### Exercise data

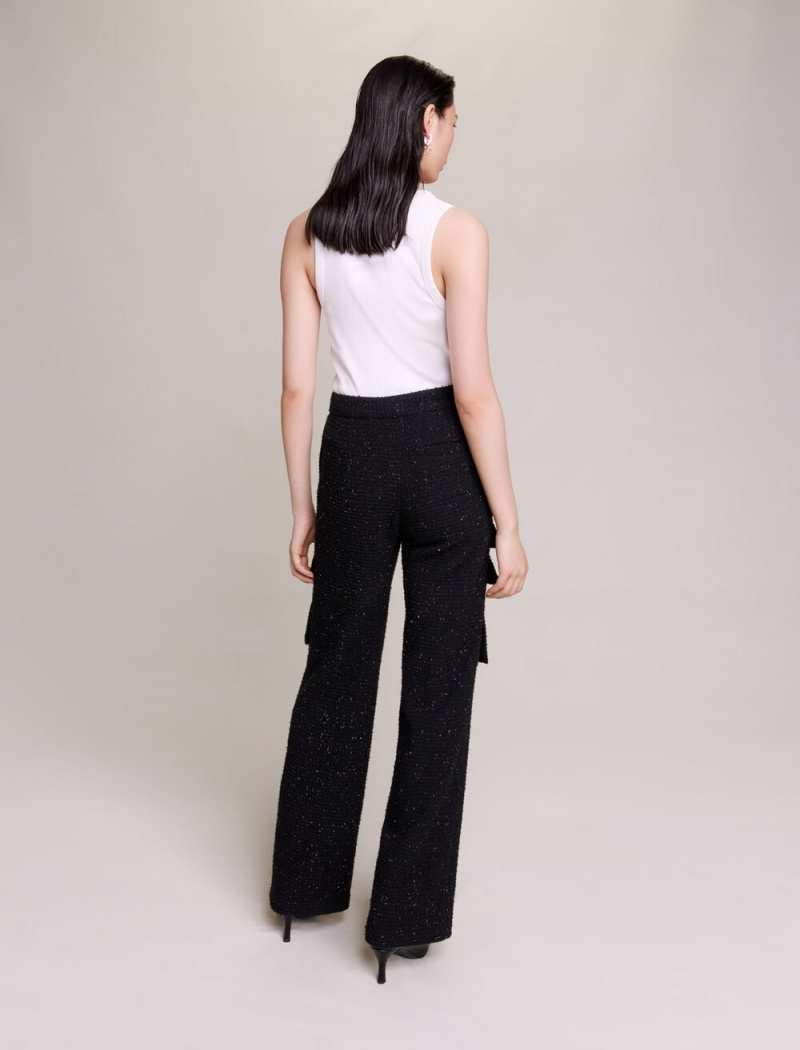 Maje Tweed Trousers Sort | Danmark_M63877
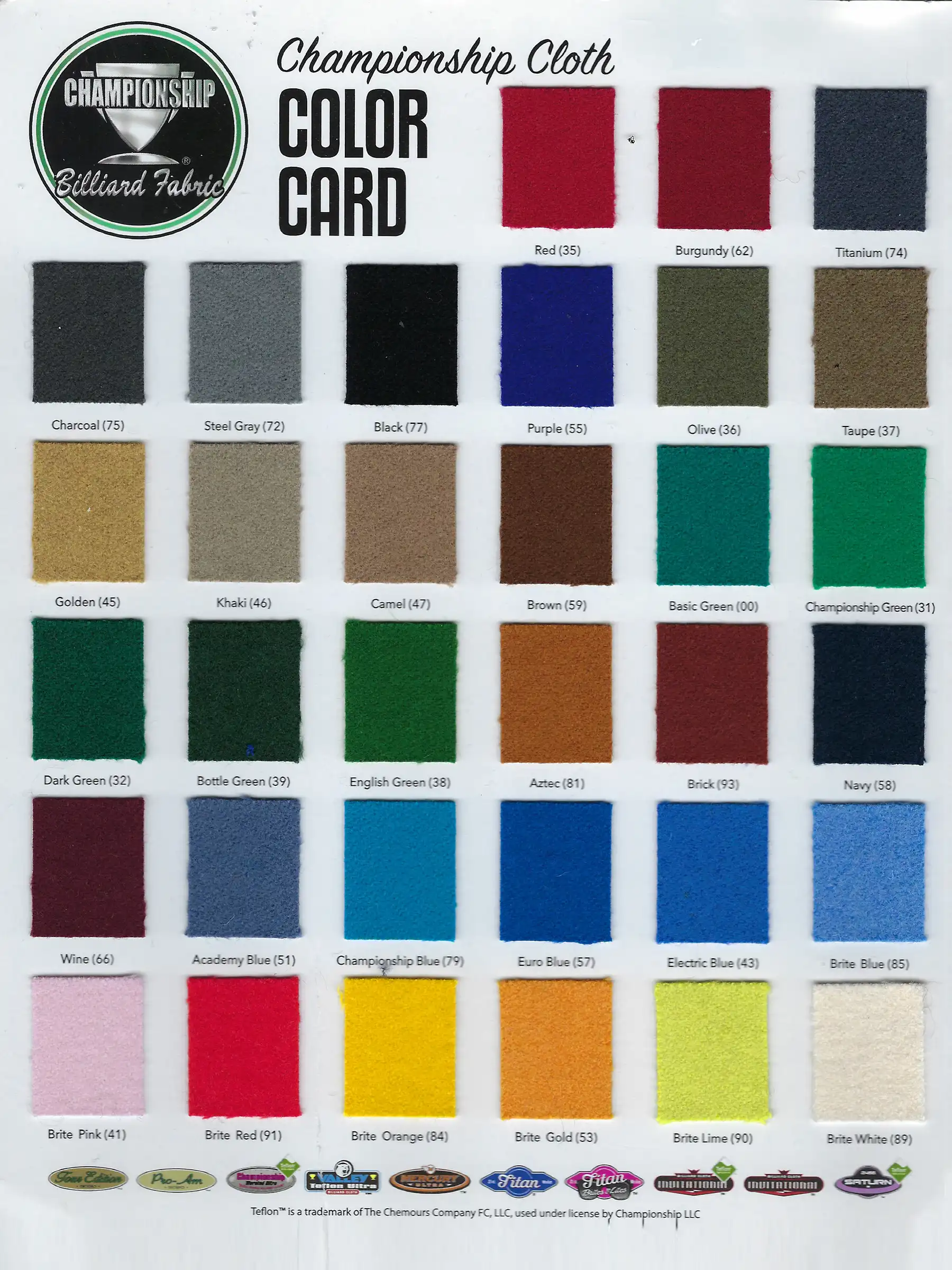 Titan Championship swatches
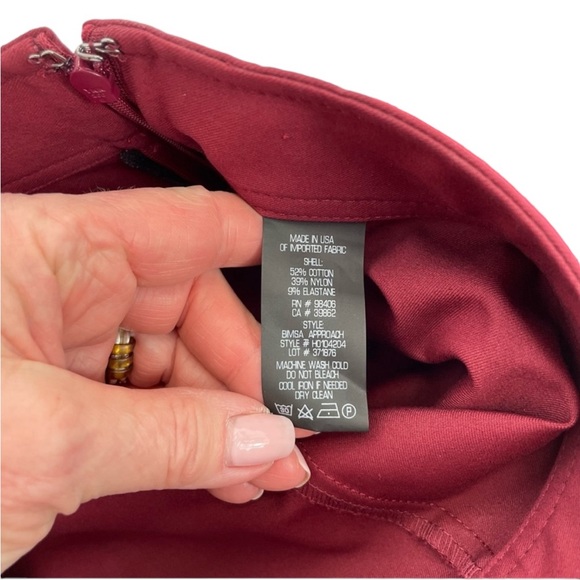 Theory Bimsa Approach Stretch Cropped Pants Size 4 Deep Red - Picture 7 of 9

### Instructions to follow
Set down the complete material exactly, but do not include the images.

### Expected answer
 Maje Tweed Trousers Sort | Danmark_M63877
 Titan Championship swatches
 Theory Bimsa Approach Stretch Cropped Pants Size 4 Deep Red - Picture 7 of 9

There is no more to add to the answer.